FluxML / Zygote.jl

21st century AD
https://fluxml.ai/Zygote.jl/
Other
1.48k stars 213 forks source link

A simple custom gradient with @adjoint for a Base function #1088

Open SimonCoste opened 3 years ago

SimonCoste commented 3 years ago

Hi, Julia's base round function takes a number and outputs the nearest integer. I want to customly define its gradient as the identity. I used Zygote's @adjoint macro very simply,

@adjoint round(x)=round(x), y->(y,)

but as a result, gradient(round, 0) outputs me nothing and I can't compute gradients of compositions of functions and round.

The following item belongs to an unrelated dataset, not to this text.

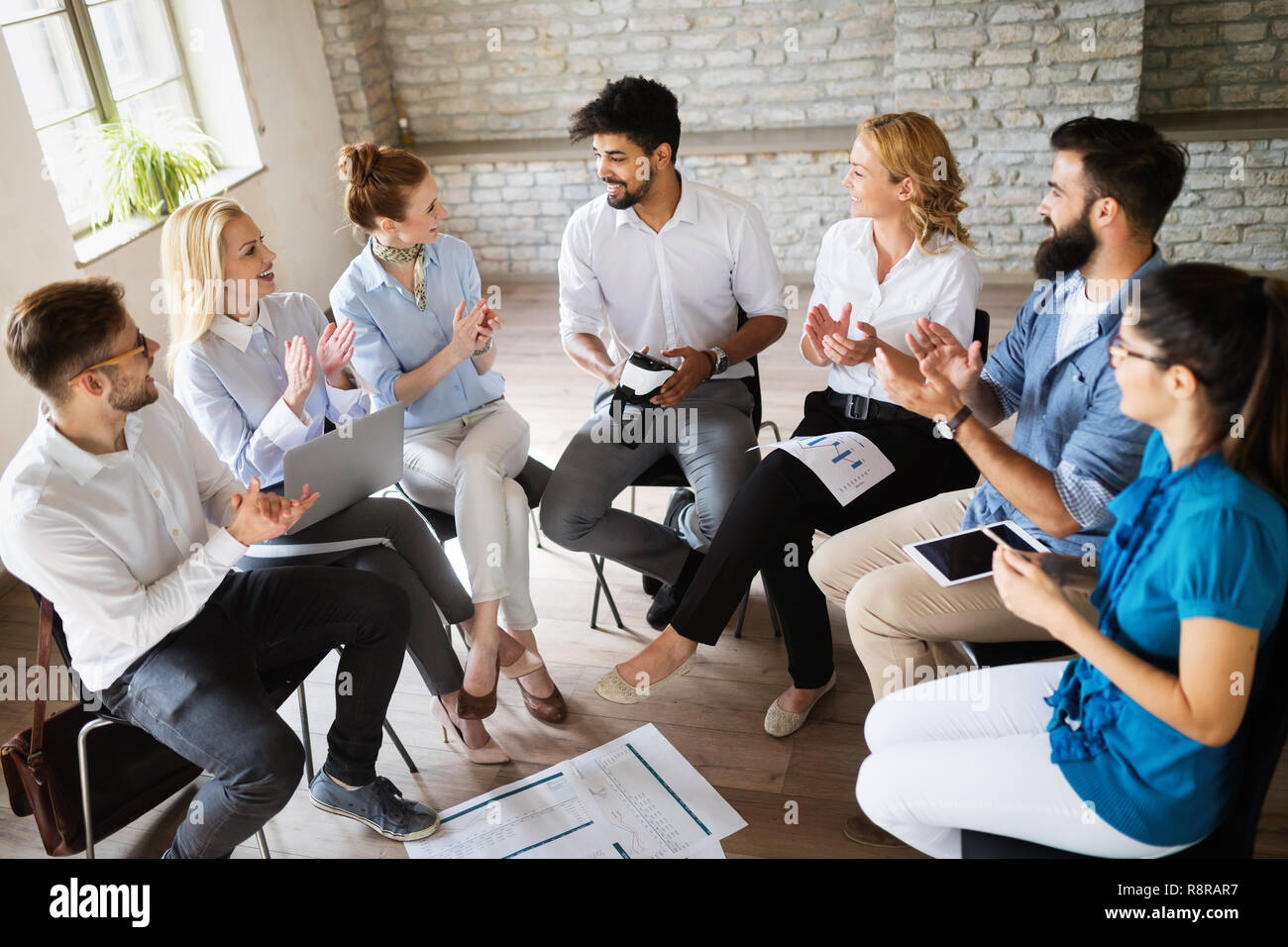 Happy success business team celebrating victory in office Stock Photo ...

Is it possible to directly redefine adjoints of base functions ?

On the other hand, if I define a function g(x) = round(x) and then I use the adjoint macro,

@adjoint g(x)=g(x), y->(y,)

then gradient(g, 0) works well, as well as the whole backprop machinery. But only for composition of real functions, eg it correctly computes the gradient of x -> g(x)^2. It does not work when the gradient is applied entry-wise: for instance,

F(x) = sum(g.(x))
gradient(F, [0,0])

still outputs a nothing, but it should easily differentiate this. Do I have to redefine the gradient for g. also ?

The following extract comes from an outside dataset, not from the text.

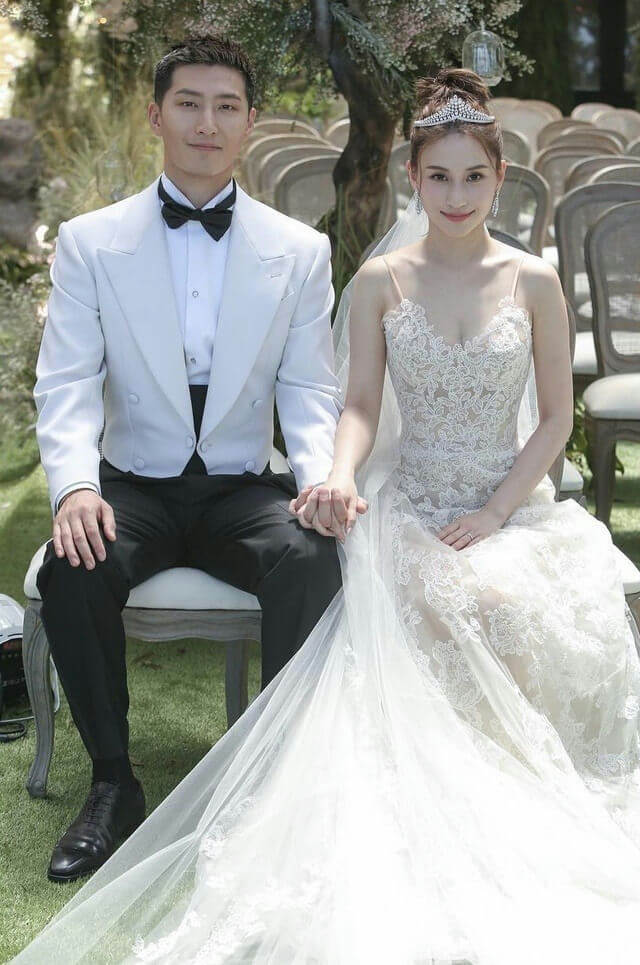 people-A-bride-and-groom-A-wedding-attire-B-holding-hands-C-outdoor-ceremony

mcabbott commented 3 years ago

I believe that with round, the definition here seems to take priority, and making it more specific runs into other problems:

https://github.com/FluxML/Zygote.jl/blob/2d5edf44ad7191fcd5d5816d8ab161dff8e14765/src/lib/number.jl#L2

julia> Zygote.@adjoint round(x::Float64)=round(x), y->(y,)

julia> gradient(round, 1.2)
ERROR: MethodError: _pullback(::Zygote.Context, ::typeof(round), ::Float64) is ambiguous. Candidates:
  _pullback(__context__::ZygoteRules.AContext, var"310"::typeof(round), x::Float64) in Main at /Users/me/.julia/packages/ZygoteRules/OjfTt/src/adjoint.jl:56
  _pullback(::Zygote.Context, ::typeof(round), args...) in Zygote at /Users/me/.julia/dev/Zygote/src/lib/grad.jl:8

For broadcasting, what's happening is that for reasons of speed, it prefers to use ForwardDiff when possible. (Using Zygote's own gradients often causes inference problems, and factor of 100 slowdowns.)

julia> g(x) = @show(x)^3
g (generic function with 1 method)

julia> Zygote.@adjoint g(x)=g(x), y->(@show(y),)

julia> gradient(g, 1.2)
x = 1.2
y = 1.0
(1.0,)

julia> gradient(x -> sum(g.(x)), [1.2, 3.4])
x = Dual{Nothing}(1.2,1.0)
x = Dual{Nothing}(3.4,1.0)
([4.32, 34.67999999999999],)

If you want to overload this, you should probably define a method for dual numbers. Something like g(x::Dual{Z}) where {Z} = Dual{Z}(g(value(x)), map(??, partials(g))). Although usually these work through most things, or will complain loudly when they fail.